A pre-defined Google Form for data extraction was created and piloted prior to use. Primary and secondary outcome data were extracted by two authors independently in parallel (DGH; JM) for the first 198 articles (65%), with differences between coders resolved by consensus or a third party (MJP). Kappa coefficients and average percentage agreements were then calculated for each of the seven primary and secondary outcome measures, following which a single author (DGH) extracted outcome data for the remaining 108 articles when inter-coder reliability was determined to be sufficiently high for the first 198 articles (kappa coefficient greater than 0.70 and the percentage agreement greater than 95% for each domain). Refer to the OSF project page for the results of the reliability analysis .

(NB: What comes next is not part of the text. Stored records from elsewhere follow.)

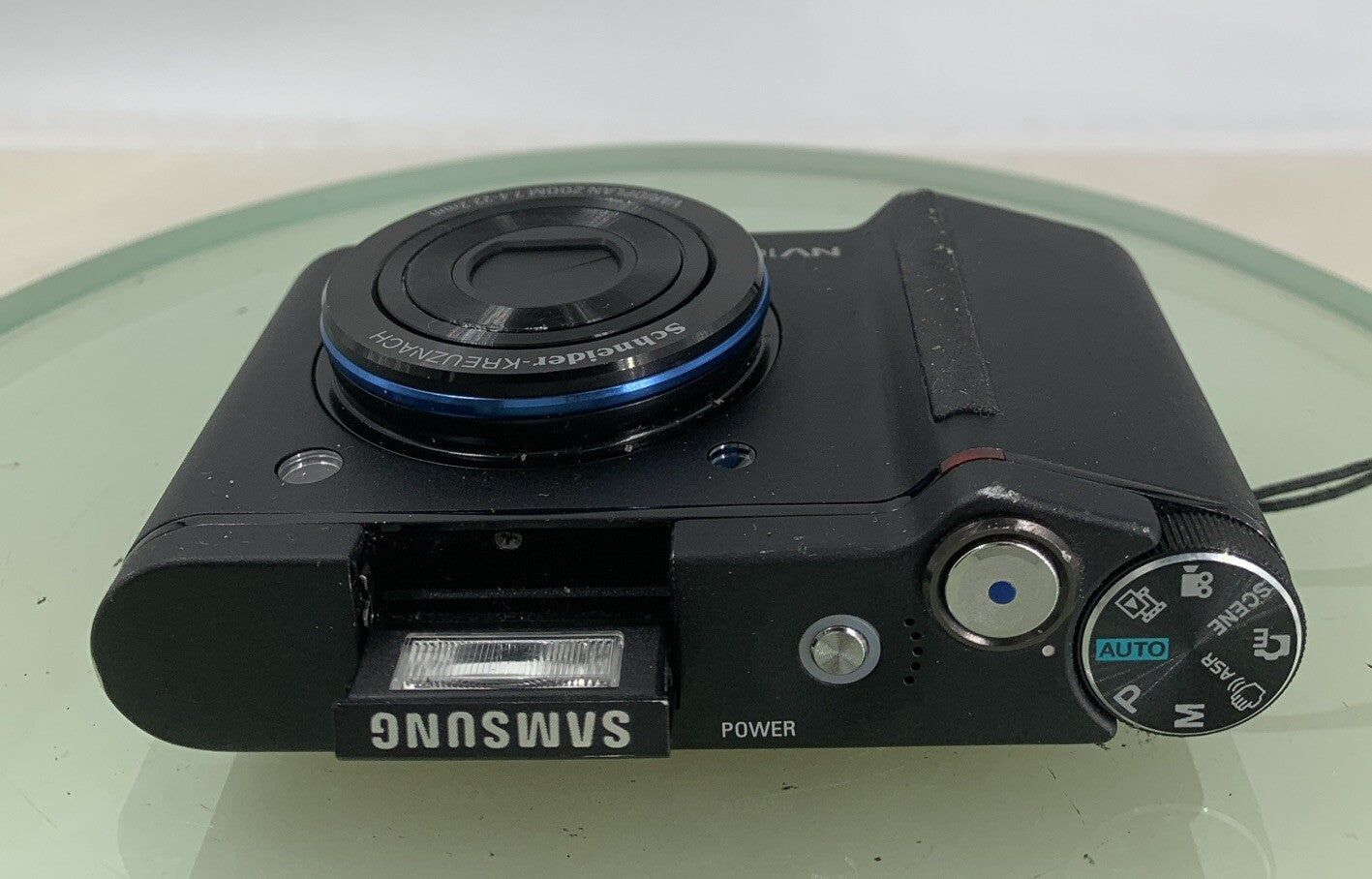 SAMSUNG NV10 DIGITAL CAMERA BLACK + CHARGER + COVER NO CARD TESTED - 4587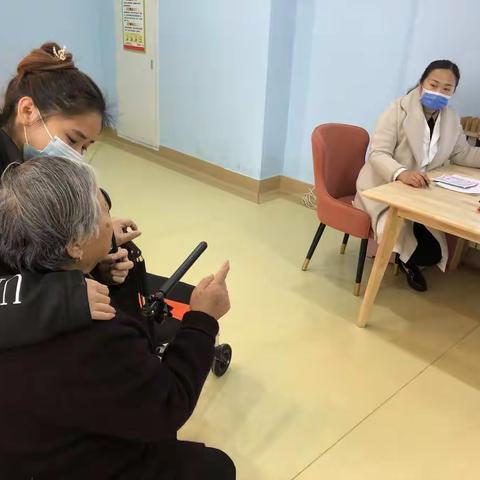 【盛世康养·助老活动】华夏山青社区长者日间照料中心公益眼科检查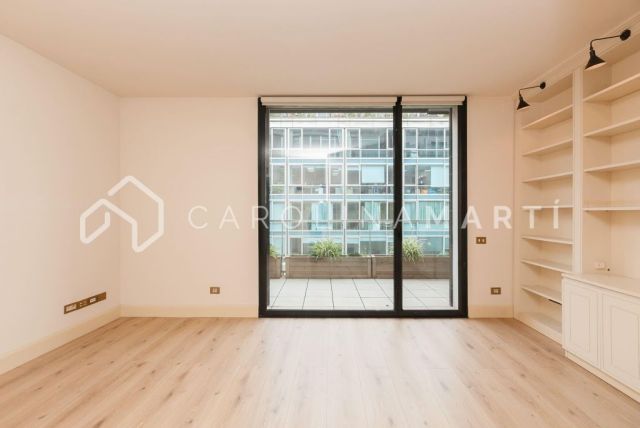 Apartment with terrace for sale in Dreta de l'Eixample, Barcelona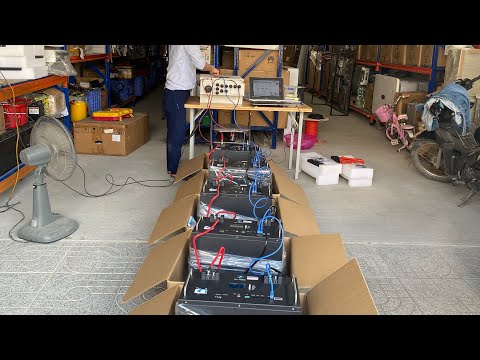 Video Combo lithium UFO 25kwh và hybrid 8kw Giao Về Thanh... - youtube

In recognition of previous research in biomedicine that reported 13% of articles between 2015 and 2017 both discussed and shared a functional link to research data , and assuming a slightly higher estimate for the oncology literature of 15%, a random sample of 306 articles was chosen to ensure a 95% credible interval (CI) width less than 8% using the modified Jeffrey’s Interval proposed by Brown et al. (2001) . The method proposed is a Bayesian approach to interval estimation of binomial proportions which has been shown to provide good nominal coverage, particularly as sample proportions approach 0 (or 1) . The approach uses the non-informative Jeffrey’s conjugate prior (i.e. beta distribution with parameters 0.5 and 0.5) and results in a posterior distribution of beta (x + 0.5, n − x + 0.5), where x is the number of successes and n the number of Bernoulli trials.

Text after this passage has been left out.